Jorl looked down, finding a sudden interest in the cuticles of one hand.

“What?” said Arlo.

“Your mom is part of the problem. I wasn't going to bother you with the knowledge, but she sailed off a season ago. I'm sorry.”

“Oh.”

“Kembü had a full life, Ar. It didn't have anything to do with your own passing. It was just her time.”

“What do you mean, she's ‘part of the problem'?”

“Do you remember when we were eight and crazy for insects? We spent the summer collecting every bug we could find? I got to thinking about it, and I found myself wanting the specimen jar you used. Just a sentimental reminder. And you know how your mother never threw anything away … So I tried to ask her if she knew where it was.”

“What do you mean, you
tried?

“I couldn't summon her.”

“How long ago?”

“Weeks. More than enough time for her to finish her last voyage and be summonable. Something set me off, thinking about that long ago summer. I snatched up a pellet of koph and reached out to pull your mother's nefshons together, only … I couldn't.”

“What does that mean?

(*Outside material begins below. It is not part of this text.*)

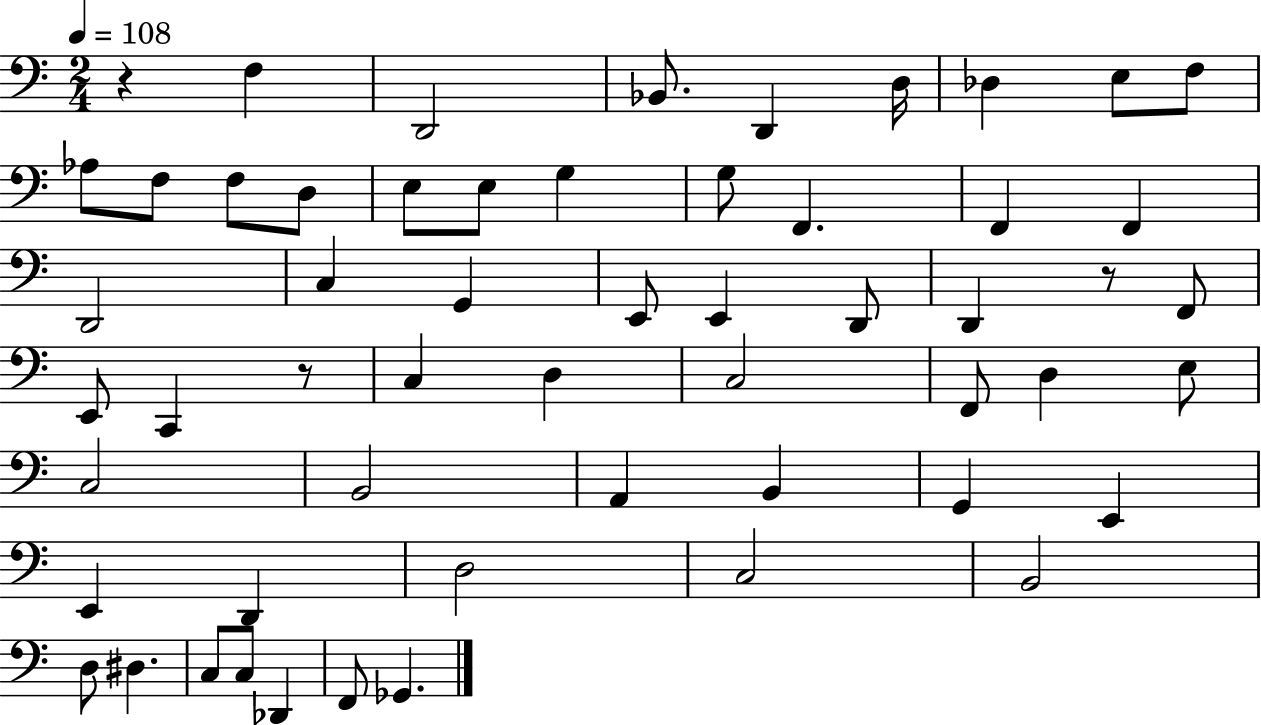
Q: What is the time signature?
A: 2/4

Why couldn't you?”

“Because there weren't any, at least, not any that would come when I called for them.”

“How can that be? We're constantly producing particles, storing them up until death sets them free.” He gestured at his own chest with his trunk. “That's how I'm here now. So how can my mam not have any?”

“I don't know the how of it. I'm telling you what happened. A Speaker can only summon the nefshons of someone he knows. I know your mother as well as my own, but when I tried to find any sense of her, well, I
think
I felt something, but it wouldn't respond. They were there, I'm sure, but it was like something was holding on to them. I've never felt anything like it.”

“You are kind of new at it,” said Arlo.

“Don't insult me. I've done more than a hundred summonings, spoken with dozens of different people, including some I had to research because I didn't know them personally. I should have been able to Speak to your mother. But I couldn't attract so much as a single one of her nefshons.”

They sat quietly a few minutes, until Arlo finally asked, “So then what happened?”

“I shrugged it off. Blamed it on not enough sleep, or some bad fruit from breakfast. I put it out of my mind. But a few days later I needed to check on a reference with another historian, a woman I'd fallen out of correspondence with, only she'd sailed away sometime before your mom. I couldn't reach her either. Same problem. But that time I wasn't tired and I hadn't eaten any bad fruit. Once I could dismiss as a fluke, but twice?”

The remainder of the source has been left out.